Aradkouh Waste Processing Complex (AWPC) is located at the 23rd km of old Tehran-Qom road and south of Kahrizak city. On average, a daily rate of 8000 tons of various wastes from different sources of production, such as 22 districts of Tehran, surrounding towns and cities, health centers and treatment centers are sent to the center for disposal. The quantity of waste entering the complex is initially recorded in the central weighing system and, depending on the quality and quantity and sources of waste generation are sent to the processing units or the existing dumping center.

Catalyst preparation

To the synthesis of ZnO nanoparticles, we used the cheap, simple, and available co-precipitation method. Firstly, 5.94 g Zn (NO₃)₂. 6H₂O along with a certain amount of silver nitrate iron chloride was added to 50 mL distilled water. Ammonia solution (25%) was used to bring the pH to about 10.5. After that, the sample was refluxed at 100 °C for 1 hour (h). To provide uniform temperature, the balloon was placed inside a burned oil container on heater (during that time the solution was uniform with the magnet). When the reflux process was completed, the sample was cooled down in room temperature until the sediment was built. After completion of the synthesis, the sample was centrifuged at 7000 rpm for 20 minutes (min). The obtained precipitate which had a creamy color washed with distilled water. Finally, the obtained precipitate was dried in an oven at 100 °C for 12 h. Also, the calcination process was carried out at 450 °C [31-33].

Catalyst characterization

To study the synthesized nanopowder properties, first, its XRD spectrum was determined in order to estimate the approximate size of nanoparticles from the analysis of this spectrum. By analyzing the peaks obtained from the spectrum, the approximate size of the nanopowder and the overall structure of the powder can be obtained. Given the peaks obtained from the XRD spectrum, the structure and phase of the formed ZnO spectrum can be compared. In this study, the PANalytical’s X’Pert HighScore 2018 software was used to interpret the XRD spectra. One method for analyzing nanoparticles is the Dynamic Dispersion (DLS) method, which has the ability to measure particles in the solution quickly, easily, and without the need for sample preparation. To determine the particle size and the average distribution of synthesized particles in terms of volume and intensity, DLS analysis was used.
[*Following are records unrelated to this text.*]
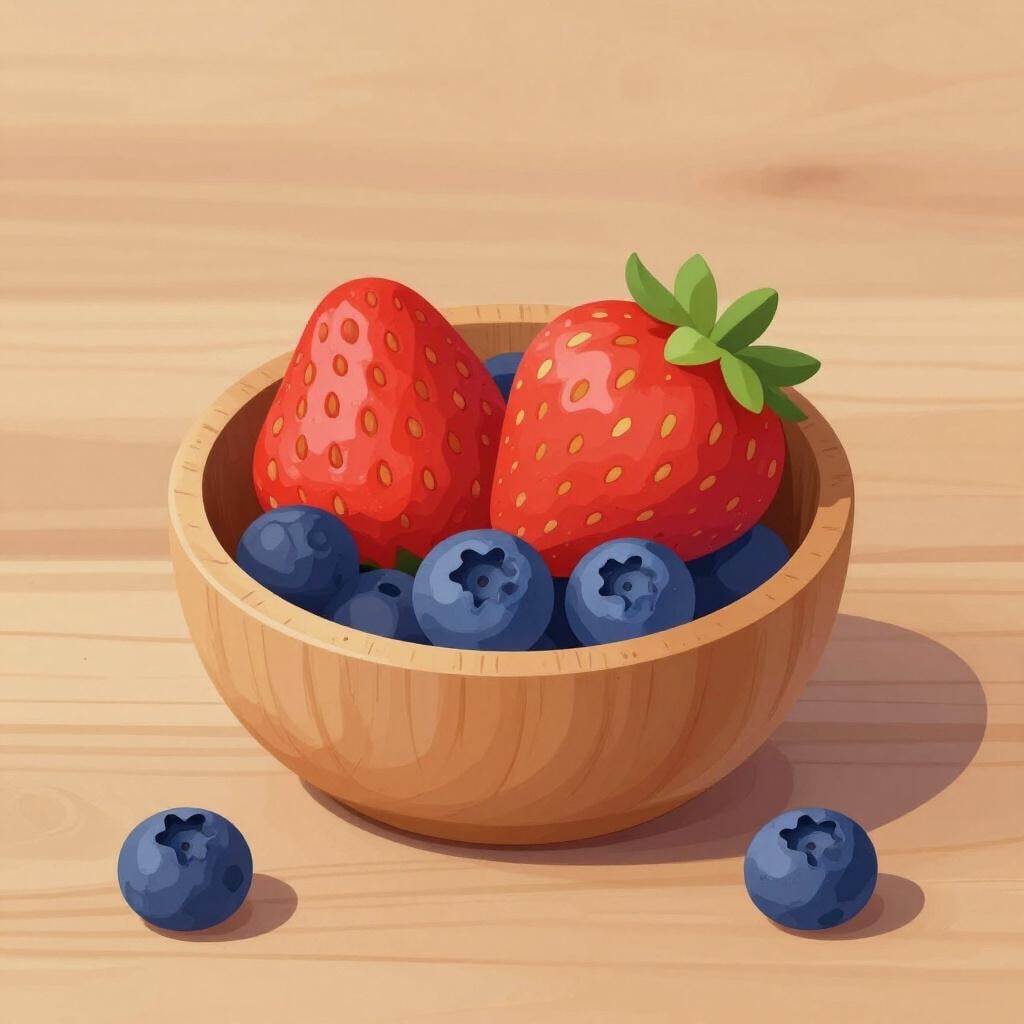 Eine Holzschale gefüllt mit einer kleinen Portion bunter frischer Beeren.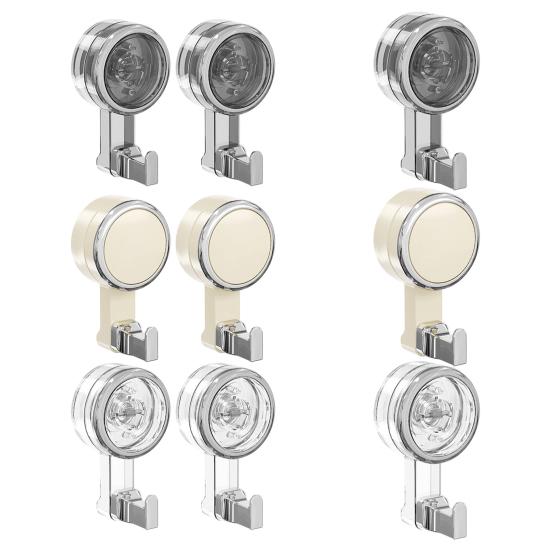 Rotating Suction Cup Hooks with Vacuum Lock Heavy-Duty Waterproof Hooks Reusable Space-Saving Organizer for Bathroom Kitchen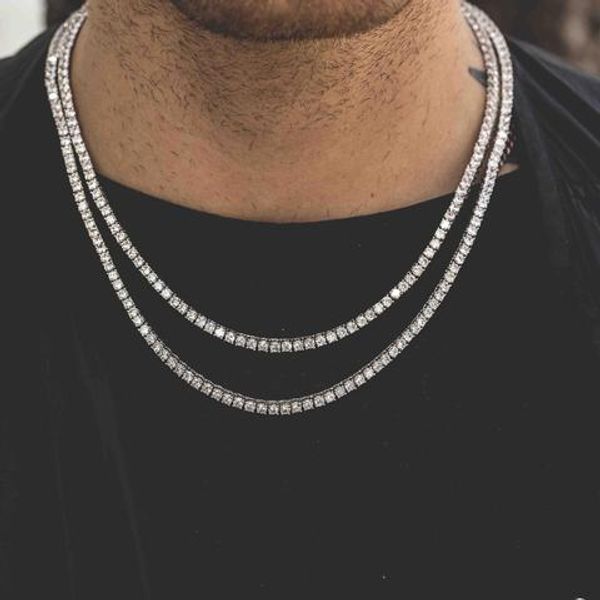 

Top Fashion Collares Макси Ожерелье Колье 24 дюймов Sparking Bling Теннисная Цепь Свинец Никель Дл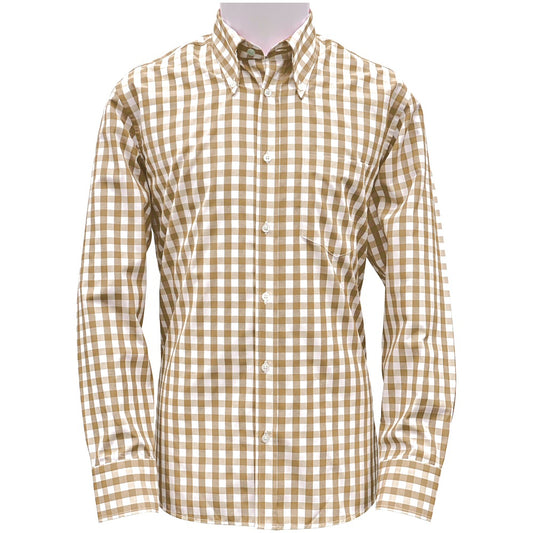 PRE-Order: Adaptor Clothing Gingham Long Sleeve Button Down Shirt Stone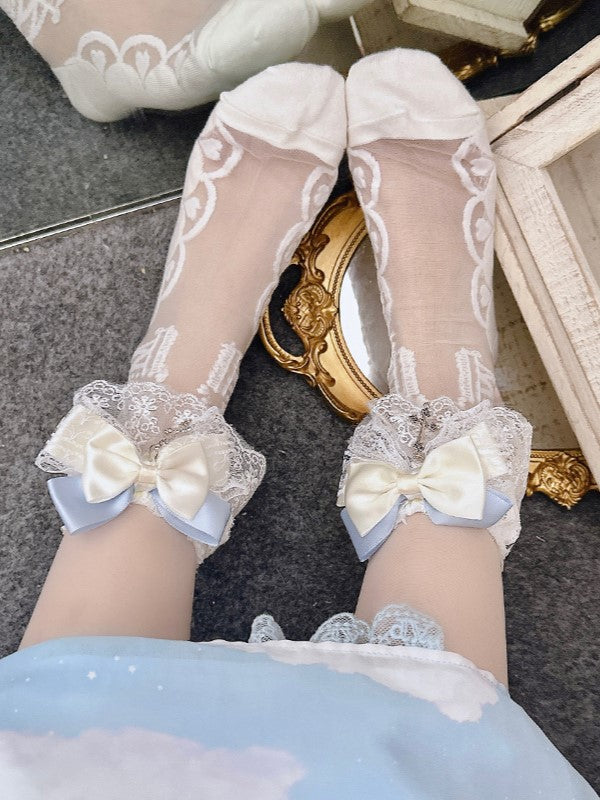 White Lolita Semi-sheer Calf Socks With Lace Cuffs And White/Gray/Pink Bowknot Details
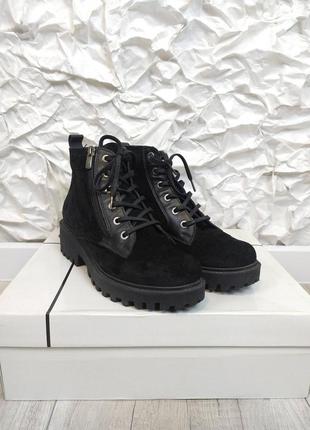 Женские зимние ботинки замшевые черные размер 37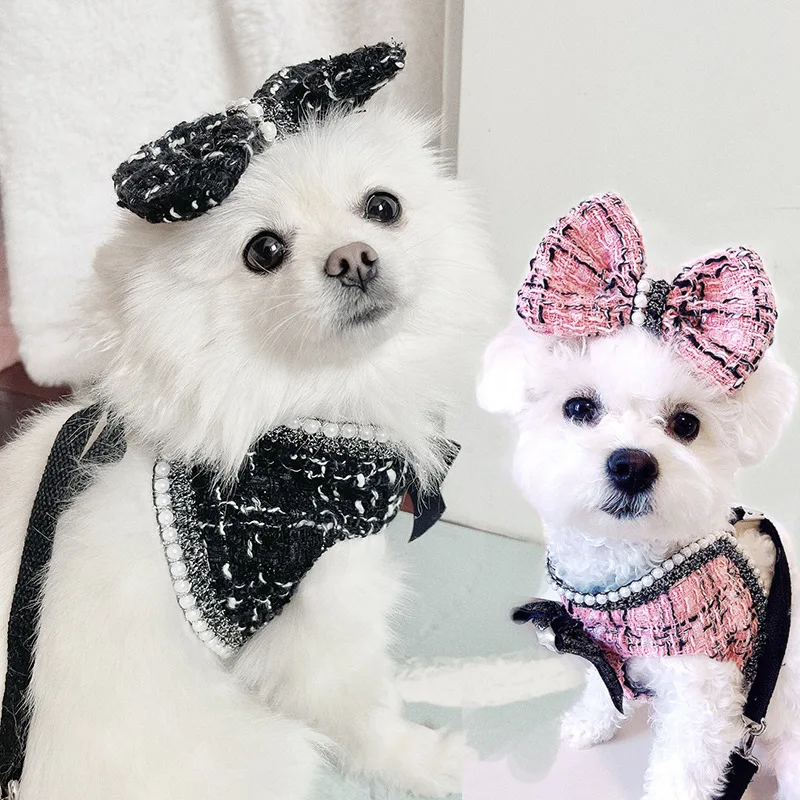 

Dog Princess dress Chest Strap Pet Supplies Yorkshire Leash Dog Harness No Head Bow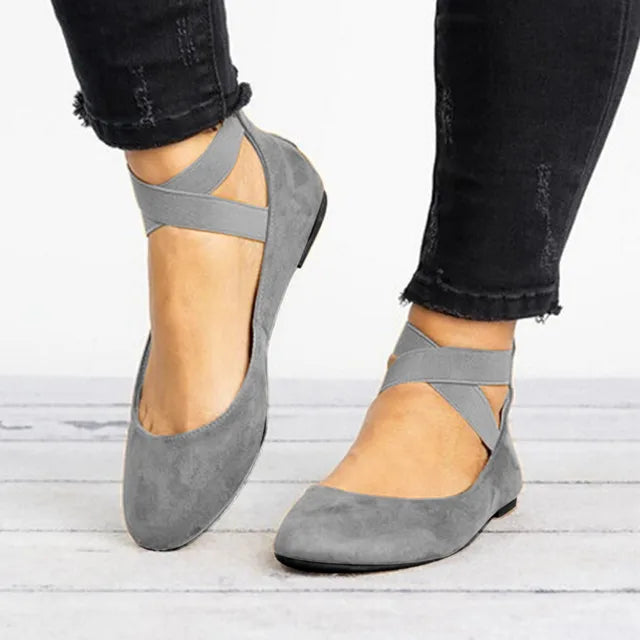 Women’s Spring Cross-Strap Real Leather Ballet Flats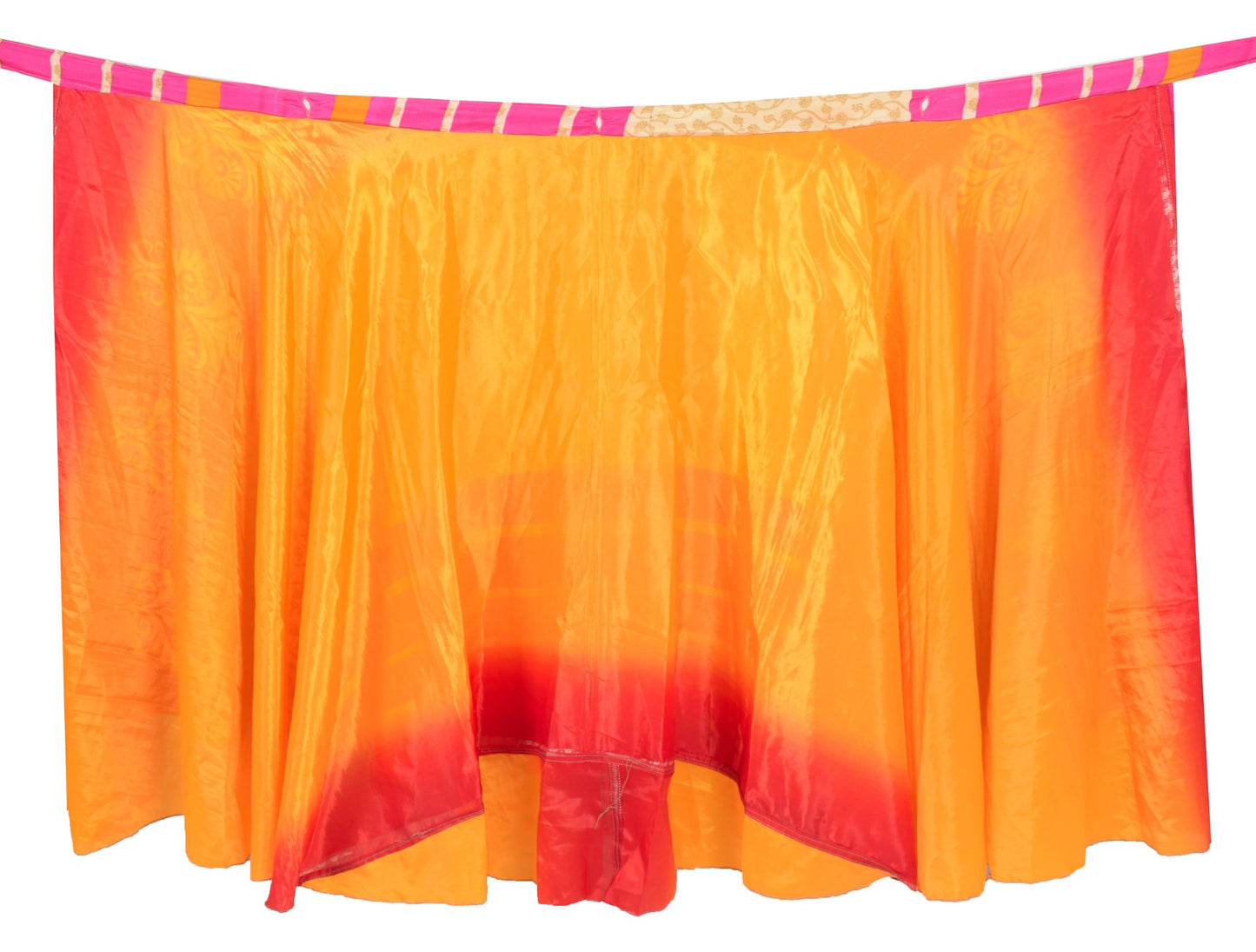 Sushila Vintage Yellow Pink Saree Magic Wrap Reversible Skirt Art Silk Beach Dress
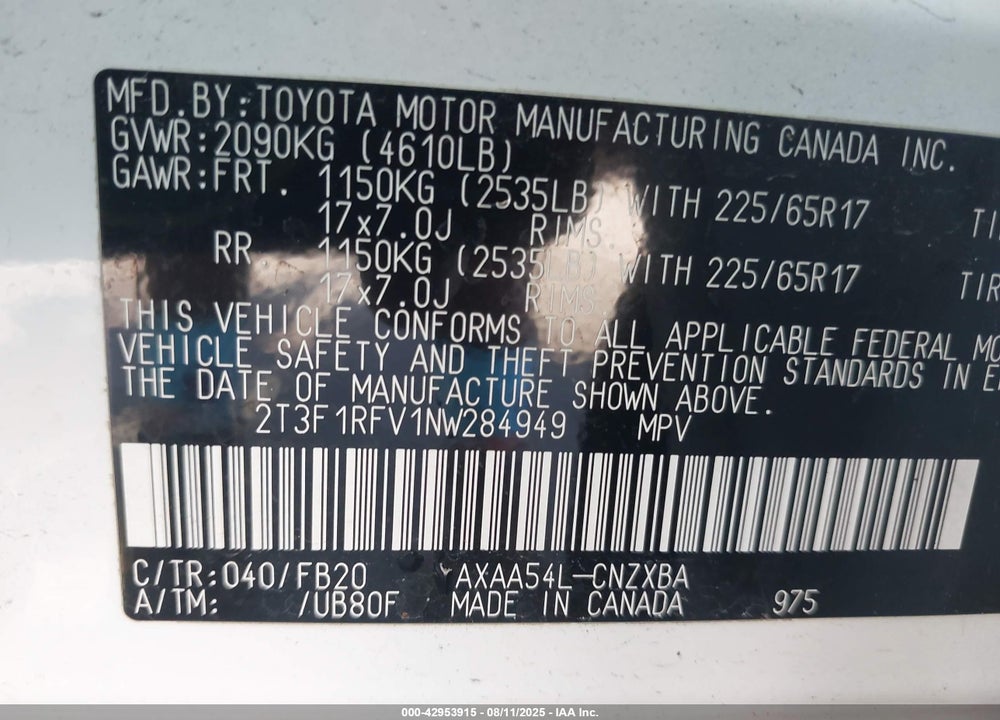 2022 TOYOTA RAV4 VIN: 2T3F1RFV1NW284949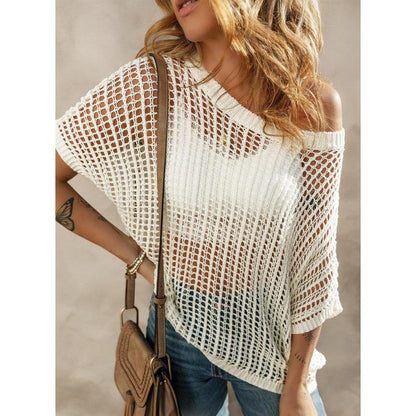 🏖️Women's Summer Scoop Neck ShortSleeve Sweater Casual Crochet Hollow Out KnitTops
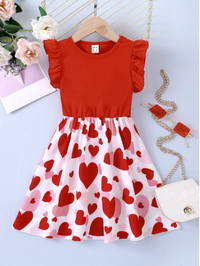 Tween Girls' Casual Minimalist Comfort Ruffle Heart Contrast Mesh Overlay Dress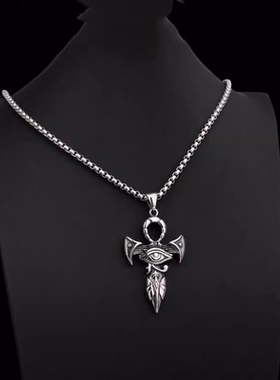 荷鲁斯之眼项链男潮酷帅北欧维京复古幸运安卡十字架吊坠毛衣链子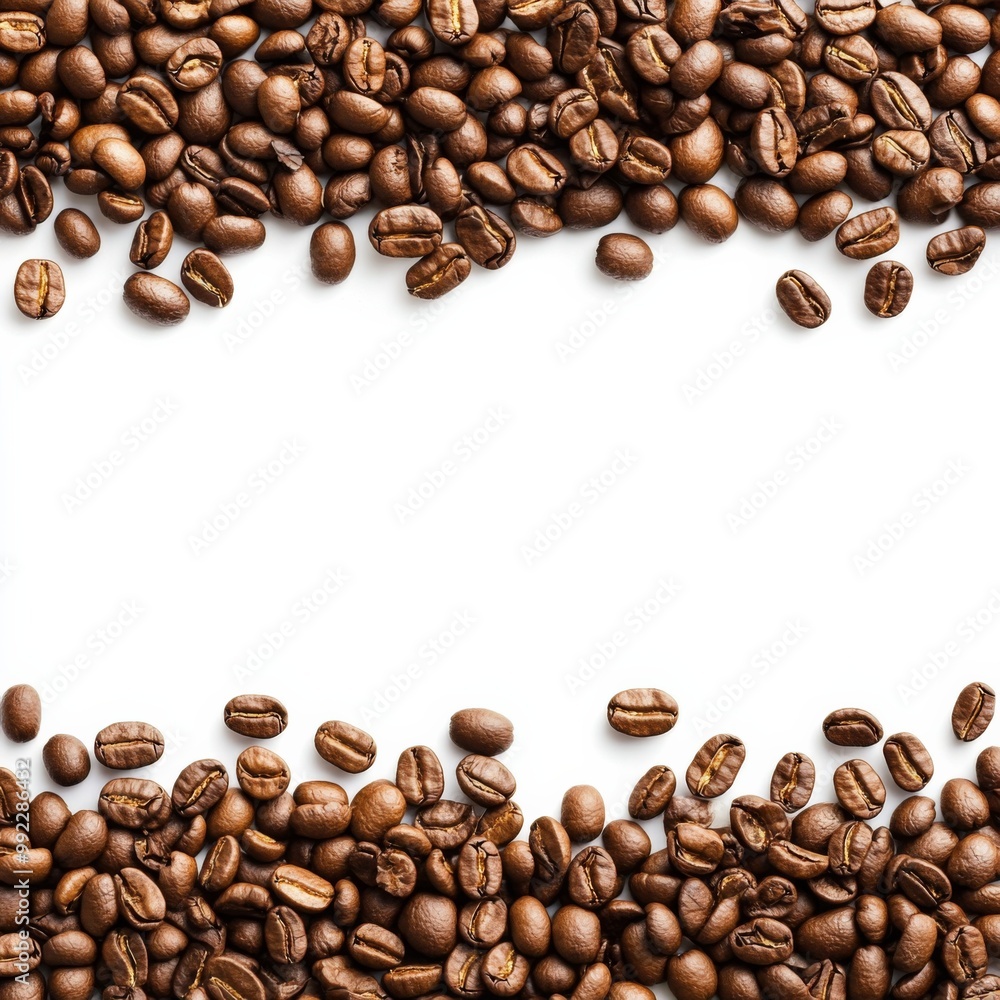Poster panoramic border of coffee beans isolated on a white background with ample copy space, perfect for c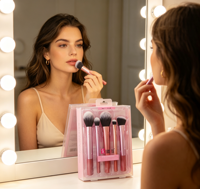 Lot de 5 pinceaux de maquillage pour le visage et les joues Sweet Rose, étui transparent, kit professionnel de pinceaux pour poudre, blush et fard à paupières pour femmes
This analysis was carried out at the Laboratory Service Center of Sharif University of Technology and with the DLS Particle Size Measurement System of England Malvern Company, model Nano S (red badge-632.8 nm). To detect the doped elements on synthesized ZnO nanoparticles, XPS analysis carried out and colorful map elements were provided. X-ray Photovoltaic (XPS) spectroscopy is a method for analyzing the surface of the material from the point of view of elemental analysis, chemical compound and determination of bond state. In this research, samples were taken using the JEOL machine and at the center of growth of Shahid Beheshti University, a central laboratory.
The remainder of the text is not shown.